The study done by Carson and Setia showed that the periodic update (PU) policy, while easily 
implemented, can perform quite badly. By dumping all the dirty blocks into the disk queue at 
once, PU can cause lengthy queueing delays. Latency- sensitive synchronous operations, such as 
file reads or synchronous writes, are forced to wait behind latency-insensitive asynchronous 
operations in the queue. If the system were to use a write-through (WT) policy instead, disk 
write operations would normally be spread out more over time, and the queues would be shorter. 

Carson and Setia show that the relative performance of WT and PU, measured in terms of 
mean read-response time, depends on several parameters: 

Read load 

The ratio of read operation arrival rate to the rate that the disk can support. A read load of 
1.0 is one that the disk could just barely keep up with, if no writes were done. 

Write load 

The ratio of write operation arrival rate to the rate that the disk can support. 

Cache hit ratio for writes 

The fraction of write operations that are satisfied by modifying already-dirty blocks in the 
buffer cache. 

They expressed their results in tables showing, for a given read load and write load, what write - 
hit ratio PU requires in order to match or exceed the performance of WT. (Since WT causes disk 
writes to occur almost immediately, it cannot benefit from write hits in the cache.) 

They found that: 

• When the disk is not overloaded, ' 'the cache must eliminate 80-90 % of all write 
accesses before the PU policy pays off." 

• Under heavy loads, the PU policy gets some benefit from write-hits in the cache, 
and thus reduces the overall disk load.

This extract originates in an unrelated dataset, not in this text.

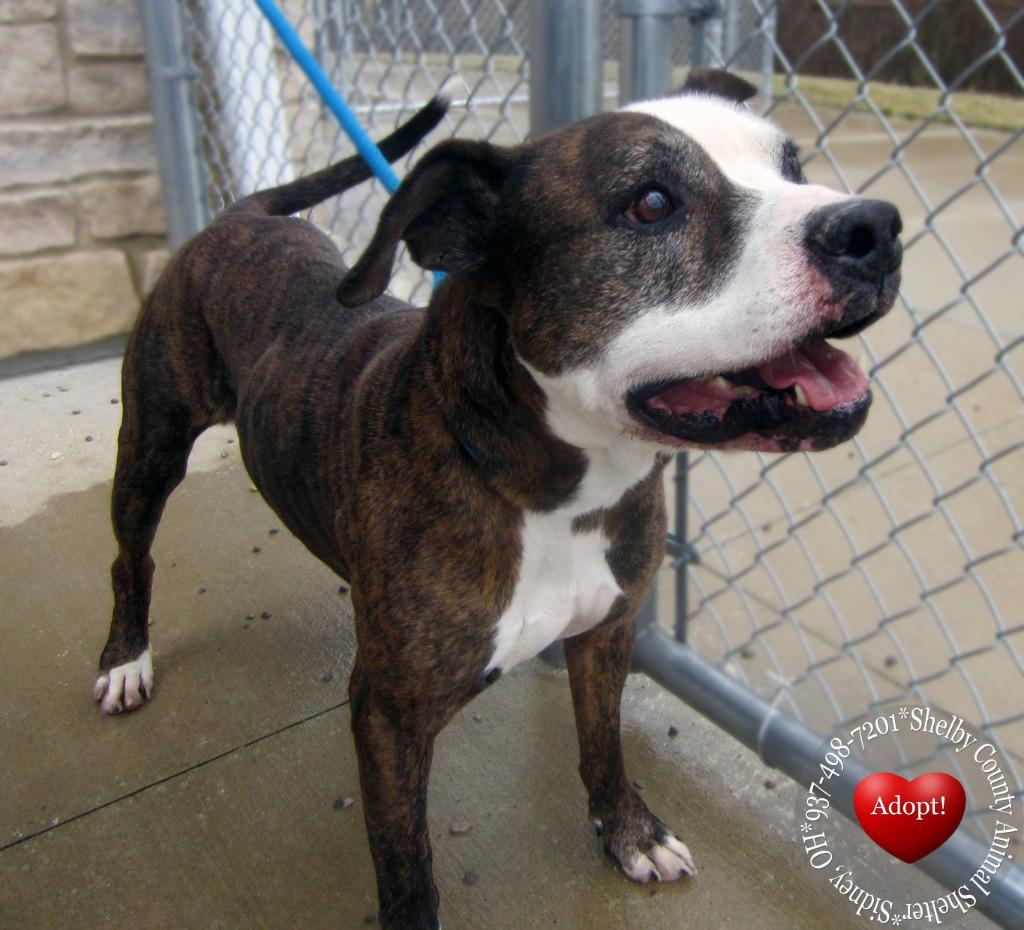 Enlarge Talon Yrly 93/7, a Adoptable Pit Bull Terrier in Sidney, OH image 4/6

In cases where the WT policy would saturate 
the disk, the PU policy gives a lower mean read-response time. 

Cache hit rates vary, depending on cache size, application, and replacement policy, but we are 
unlikely to achieve average write-hit rates exceeding 80%. For example, Baker et al. [1] traced 
user-level file access patterns in a distributed system and found that 88% of the bytes written 
were written sequentially; if the applications in question used traditional buffering strategies, 
most of these sequential writes would not have hit already-dirty buffer-cache blocks, and so the 
write-hit rate must have been quite low. 

Carson and Setia found an analytical model for the mean response time. Their simulations 
were used to validate this result, but they apparently did not investigate other statistics besides 
the mean. As section 4 will show, PU is especially bad for worst-case response time, and for 
overall variance in response time. It is not hard to construct a situation where PU can lead to 
worst-case read response times of many seconds.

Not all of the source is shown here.